**Instructions to follow**
Set down, character for character, everything in the records below from the line holding "Today we're going" down to the line holding "We can add a", and no other line.

**Dataset records**
╔══
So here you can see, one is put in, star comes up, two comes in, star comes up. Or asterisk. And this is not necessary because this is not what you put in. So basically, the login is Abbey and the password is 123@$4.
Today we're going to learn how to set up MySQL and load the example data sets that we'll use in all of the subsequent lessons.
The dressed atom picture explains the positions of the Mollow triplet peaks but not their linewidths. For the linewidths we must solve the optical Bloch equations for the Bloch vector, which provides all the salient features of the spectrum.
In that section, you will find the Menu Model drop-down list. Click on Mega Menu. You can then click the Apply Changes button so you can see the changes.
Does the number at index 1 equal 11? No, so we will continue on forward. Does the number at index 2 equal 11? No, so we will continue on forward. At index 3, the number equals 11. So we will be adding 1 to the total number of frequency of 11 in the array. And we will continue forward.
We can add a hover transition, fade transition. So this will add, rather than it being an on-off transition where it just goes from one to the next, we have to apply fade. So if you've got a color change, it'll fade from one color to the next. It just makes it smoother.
╚══
╔══
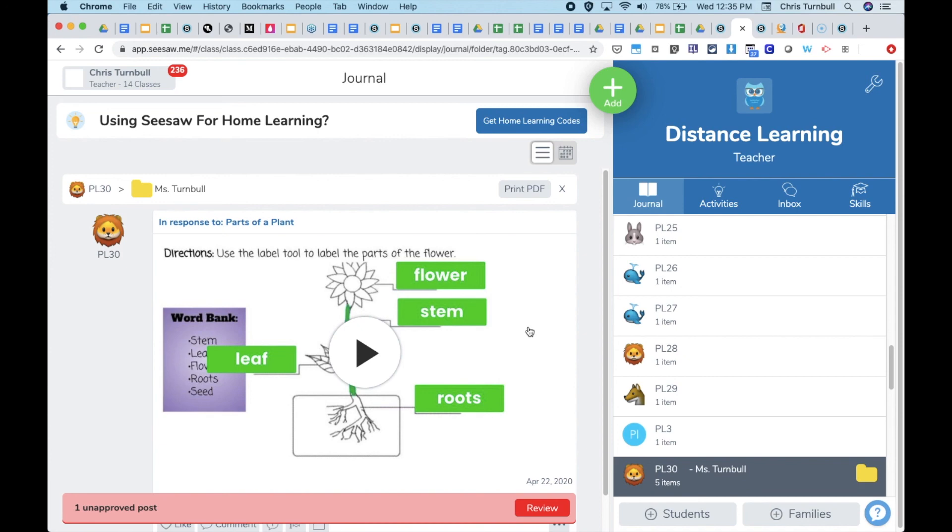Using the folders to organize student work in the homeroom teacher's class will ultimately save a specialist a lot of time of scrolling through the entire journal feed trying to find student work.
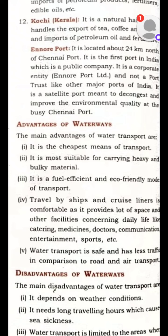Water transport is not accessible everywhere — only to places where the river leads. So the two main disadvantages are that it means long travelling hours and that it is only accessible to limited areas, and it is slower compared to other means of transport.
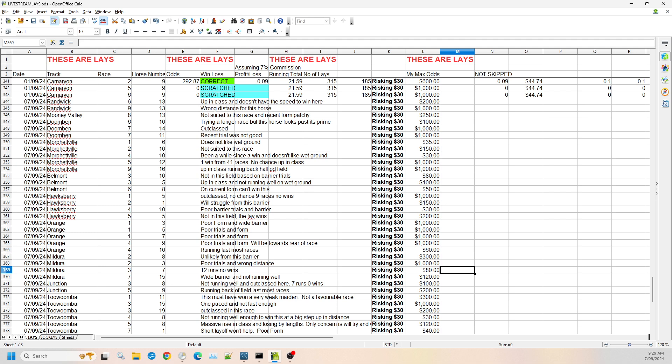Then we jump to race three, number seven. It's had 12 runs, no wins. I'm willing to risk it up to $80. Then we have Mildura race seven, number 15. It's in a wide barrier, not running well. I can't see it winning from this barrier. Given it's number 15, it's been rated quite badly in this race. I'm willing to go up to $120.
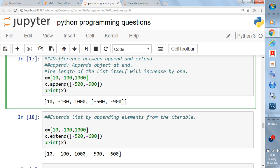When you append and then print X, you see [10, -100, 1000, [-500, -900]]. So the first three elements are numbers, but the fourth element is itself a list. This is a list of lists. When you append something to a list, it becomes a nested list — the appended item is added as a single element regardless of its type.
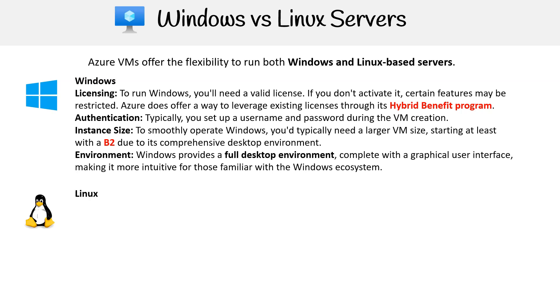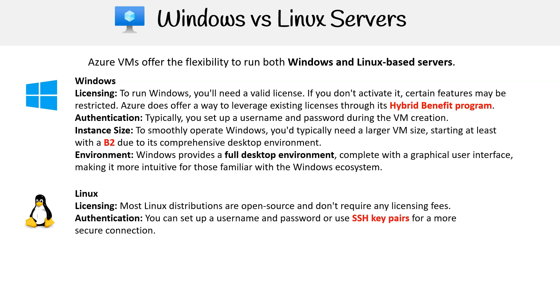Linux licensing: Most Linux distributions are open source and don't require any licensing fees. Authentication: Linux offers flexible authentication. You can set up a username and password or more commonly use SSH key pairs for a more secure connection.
╚══
**Response**
Today we're going to learn how to set up MySQL and load the example data sets that we'll use in all of the subsequent lessons.
The dressed atom picture explains the positions of the Mollow triplet peaks but not their linewidths. For the linewidths we must solve the optical Bloch equations for the Bloch vector, which provides all the salient features of the spectrum.
In that section, you will find the Menu Model drop-down list. Click on Mega Menu. You can then click the Apply Changes button so you can see the changes.
Does the number at index 1 equal 11? No, so we will continue on forward. Does the number at index 2 equal 11? No, so we will continue on forward. At index 3, the number equals 11. So we will be adding 1 to the total number of frequency of 11 in the array. And we will continue forward.
We can add a hover transition, fade transition. So this will add, rather than it being an on-off transition where it just goes from one to the next, we have to apply fade. So if you've got a color change, it'll fade from one color to the next. It just makes it smoother.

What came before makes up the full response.